This invention relates to an improved method of determining porosity characteristics of materials where the material to be studied is saturated with a liquid, subjected to a temperature increase whereby at least some liquid evaporates, and the resulting change in mass of the material is measured to analyze porosity of the material.
It is desirable to determine the porosity characteristics of certain materials since the extent of porosity influences other properties and assists in determining the usefulness of such materials. Porosity affects such things as the nature of strength, thermal and electrical conductibility, weatherability, permeability, and optical transparency of a material.
Some conventional methods used to determine porosity characteristics include electron microscopy, gas adsorption, mercury porosimetry, and phase transition porosimetry.
Electron microscopy involves direct observation of the pores of the material. While it is precise, it is not suitable for routine determination and rests upon the subjective determination of the operator of the instrument. It also has the disadvantage of involving the use of an expensive instrument to ascertain porosity.
Gas adsorption measures the size of pores by the adsorption and condensation of vapors in the pore space. Amount of vapor condensed in the pores at a given vapor pressure has been found to be related to pore volume, and pore size distribution is determined in this way. It has limited application, since it can be used only with material containing pores in the mesospore range of 3 nm (nanometer) to 50 nm. It is tedious, time consuming, and, as with electron microscopy, is also expensive to perform.
Use of a mercury porosimeter is one of the most frequently applied methods of determining porosity. Mercury is forced into the pores of the material and the volume of mercury which enters the pores is measured in relation to the pressure applied.

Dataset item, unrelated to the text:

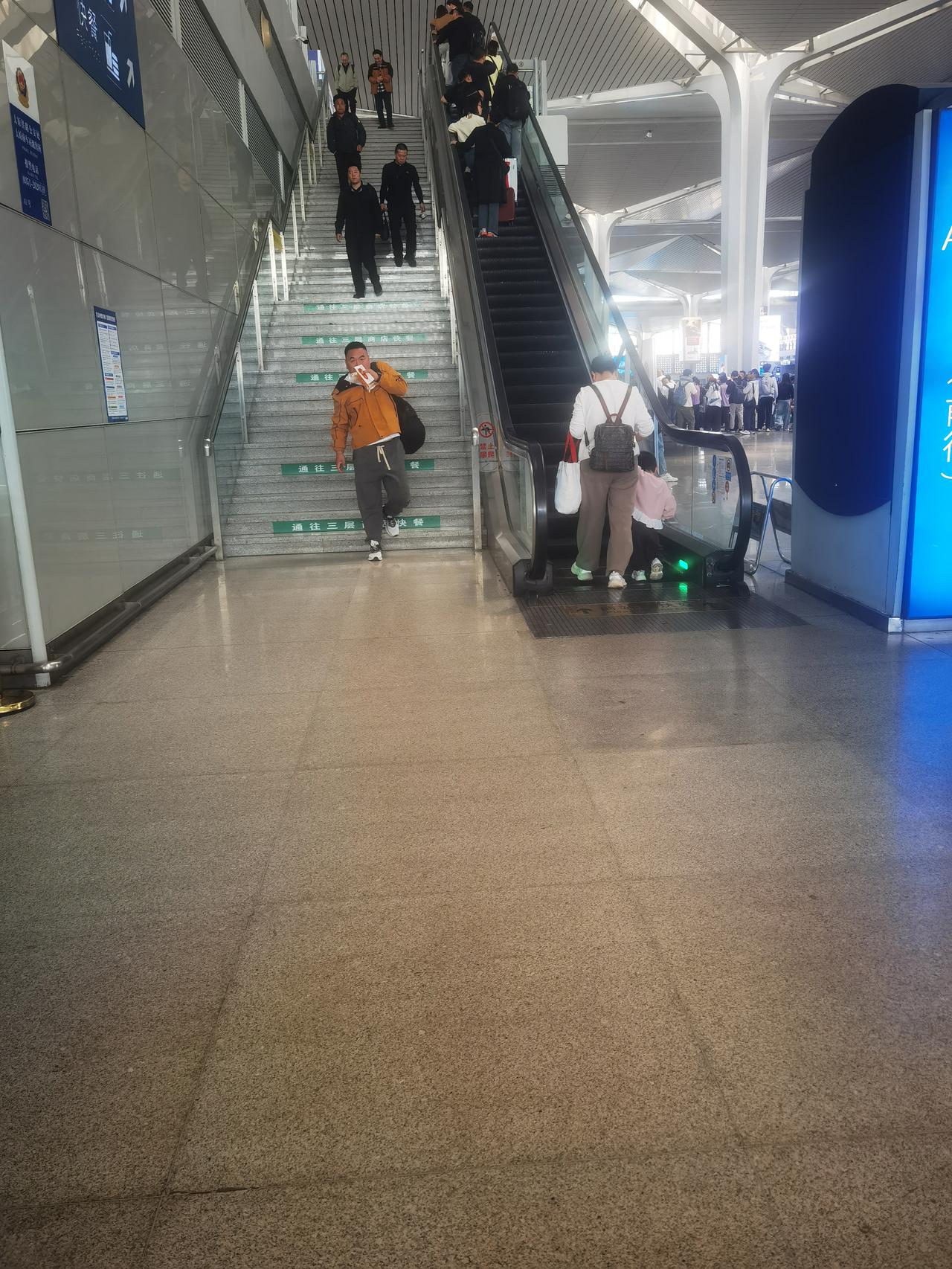 遇到一个不解难题！因为工作原因，经常坐高铁出差，走遍了大半个国家，也路过很多高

The well-known Washburn equation, which can be found at S. Lowell, Introduction to Powder Surface Area, pgs 181-89 (Wiley & Sons, 1979), then allows the calculation of the pore size distribution, whereby pressure applied and pore radius are related. It can be effectively used with pore sizes between 4 nm to several micrometers. Some disadvantages with mercury porosimeters are discussed in U.S. Pat. No. 4,453,398, Demirel, et al., issued June 12, 1984 and relating to an ice porosimeter.
Among the disadvantages of mercury porosimetry are uncertainties in the relationship between pressure and pore radius. Certain empirical relationships are utilized; however, certain assumptions have to be made to arrive at results which are translated into porositic characteristics. Parameters such as pore cross-section geometry, surface tension of liquid in pores, and contact angles with regard to liquid and pores must be utilized in this method.
The Washburn equation assumes pores are cylindrical with perfectly circular cross-sections, while in nature this does not occur. Further, surface tension and contact angle values also vary in nature, while the equation presumes these to be constant. In addition, the material to be measured must be evacuated, and then pressurized, which can destroy the pore structure of the sample. The cost is relatively high and a concern exists about the health hazards of working with mercury.
Phase transition porosimetry, as described in U.S. Pat. No. 4,453,398, uses the change in volume of water in the pores as the same is frozen and/or thawed. The water-saturated sample is placed in mercury, and temperature and volume changes are measured as the material is frozen and/or melted. Pore water is expelled as the ice melts and changes in volume.
This device and process, while workable, can be effectively utilized only in material with pore size ranges of 2 nm to 100 nm, and is not suitable for use in measuring materials with large-size pores. The volume change is not large and is difficult to measure. This process also involves the use of the hazardous material mercury.
Accordingly, it is an object of the present invention to provide for determination of porosity characteristics of a material by measuring the change in mass of the material as liquid saturated in its pores evaporates.
A further objective of the invention is to provide for an accurate means of determining porosity characteristics of a material.
Another objective is to provide a means and method of determining porosity characteristics that does not require high pressures, evacuation or drying of the material which may destroy the pore structure.
Yet another objective is to provide a simpler and safer method of determining porosity characteristics which does not require high pressure or the use of hazardous vapors or materials.
Another objective is to provide a means of determining porosity characteristics of material which is rugged, efficient, and less expensive than other means, and which has wide ranging applicability to a variety of materials with a variety of different pore sizes, structures or shapes.
These and other objects, features, and advantages of the present invention will become apparent with reference to the accompanying specification and claims.